Q: What was the most surprising thing you learned while working on the book?

A: I was repeatedly shocked at coincidences and discoveries made online, helped greatly by a “murder memorabilia box” of my grandmother’s that I found in an attic that I believe my mother missed.

Another world opened up, too, when Oklahoma Supreme Court Justice Yvonne Kauger located the missing trial transcripts for the two men who went to prison. From the original transcripts, I got a completely different feel for all the characters as I read their exact words in trial testimony. Justice Kauger was gracious enough to write the foreword for the book in addition to her direct contribution.

But nothing matched the shock of discovering where Albert Berch had been during his “missing years.” We still don’t have a birth certificate for this “stranger who came to town.” My mother had worked out his first six years of life, raised part-time in Los Angeles, but living in an orphanage in Fargo, North Dakota, by age 6, even though he was not an orphan.

The next documentation of his life comes in the Marlow newspaper when he shows up at age 27 as a new barber in town. Twenty-one years missing, and my mother was never able to account for him during that time. Even more strange, neither could my grandmother, at least not that she would admit. So when I filled in this enormous blank, the discovery took my breath away. No details here, of course, as it would be a major spoiler.

Q: Your book comes at a time when race relations are perhaps more fraught than at any time since the 1960s. Are there any lessons you learned during your research, or can you talk about the book in light of today’s issues?

A: Good question. When I began work on this story in 2011, I believed that readers would say, “Look how far we’ve come.” The more I studied the time period and the powerful influence of the KKK (in all states), the more I realized how easy it would have been for an innocent verdict for both men, or perhaps, no charges filed at all. After the 2012 Trayvon Martin shooting, however, it seems like things have been going downhill ever since.

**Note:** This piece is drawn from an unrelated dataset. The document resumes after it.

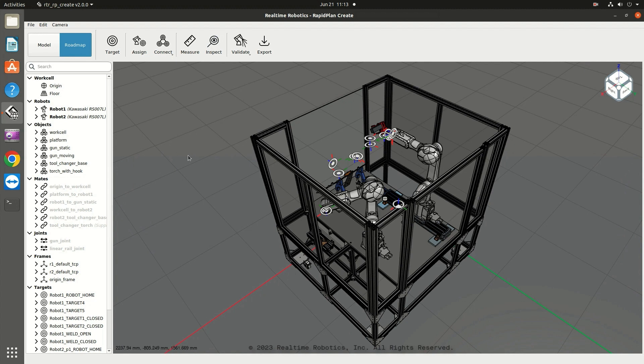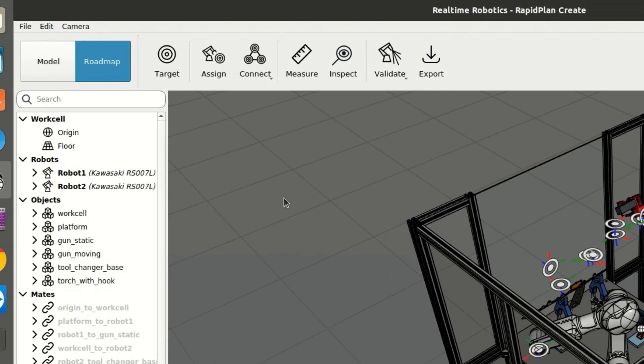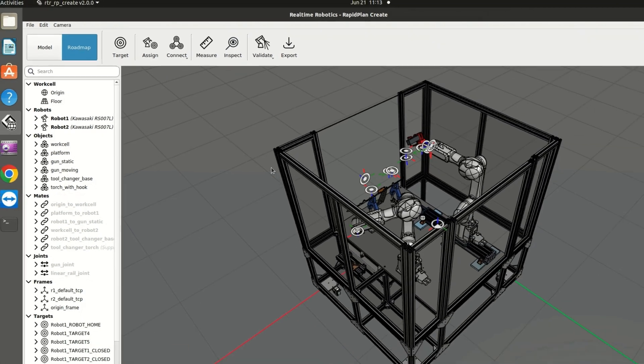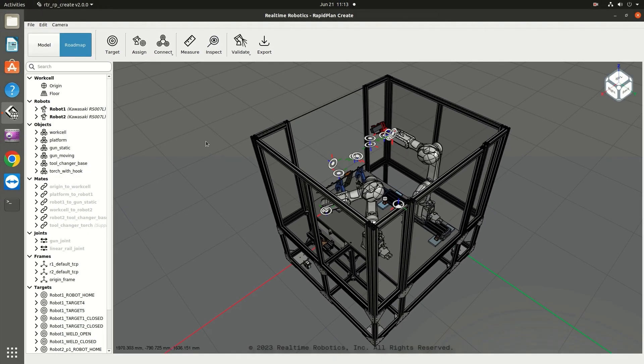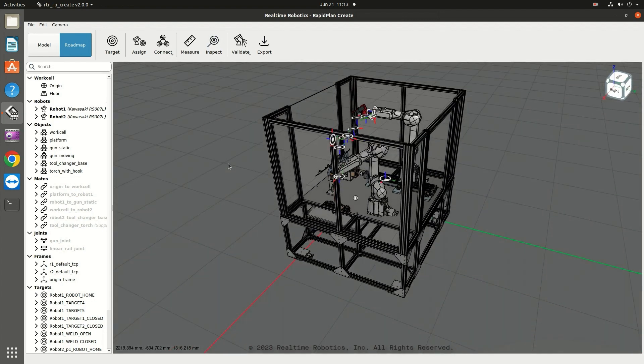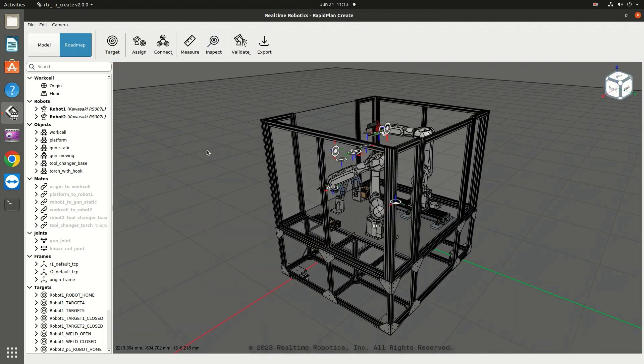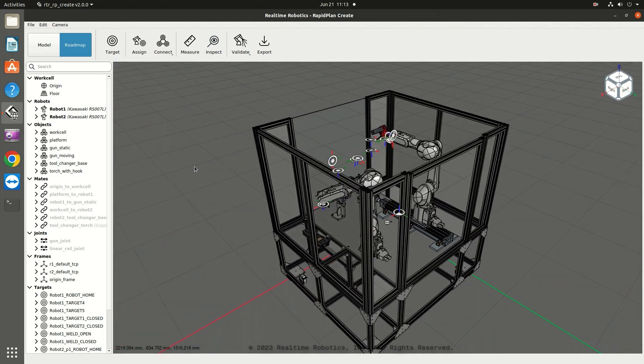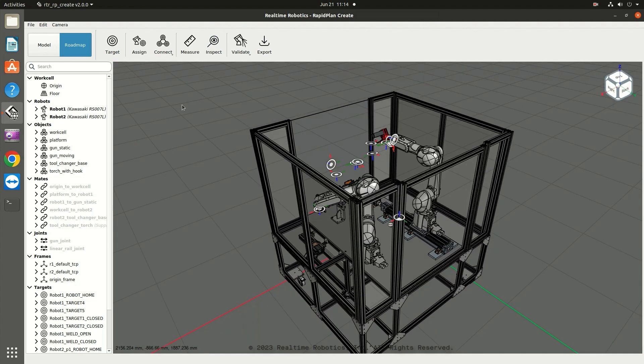There are two options available in the Camera menu for how to view the work cell. Perspective displays realistically the effects of distance. Like a photograph or video image, this option gives you the impression of the proper depth, size, and relative positions of objects in the work cell.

It’s much harder now to say, “Look how far we’ve come.”

Q: You think you’ve solved the case. Do you want to reveal your solution here, and if not, will you explain how you came to that conclusion?

A: Working at a great disadvantage, essentially as a detective arriving at the scene of the crime 90 years after the fact, I can’t be absolutely sure I’ve solved the case. But after I had enough circumstantial evidence to convince myself that my grandmother was not exaggerating after all — that, indeed, there had been a mastermind — I discovered a notation from my mother’s research that she had come to the same conclusion, that is, the same two individuals.

While she was alive, I didn’t know enough about the murders to ask a decent question. So, to come to that conclusion after five years of research and then discover she was of the same opinion, yes, I believe I confirmed the mastermind and his right hand “muscle.” I think part of the intrigue of this story is for the reader to make a judgment call as to whether or not I’ve closed the case. As for the names, I’ll hold back as it would be another spoiler.

Q: Is there anything else you think readers should know about the story?

A: Anyone who has dabbled in investigative journalism knows that only a fraction of one’s research makes it onto the printed page. The excess words are usually rabbit trails of fascinating vignettes that don’t advance the story. My first draft was much longer than the current book. Even after acceptance by the publisher, I was instructed to “keep cutting.” Thirteen of those passages can still be found on the book’s website, listed as “Annotations” (

Also on the website are over 100 photos that were not included in the book. Then, the menu bar has “Lists” that might be of interest to Oklahoma readers as it includes everything from jury membership to those who dined regularly at Johnson’s Hotel Cafe in Marlow. I believe I’ve been very thorough in researching and telling this story. One reviewer on Amazon noted that if Amelia Earhart had been my grandmother, we’d know where her skeletal remains are today.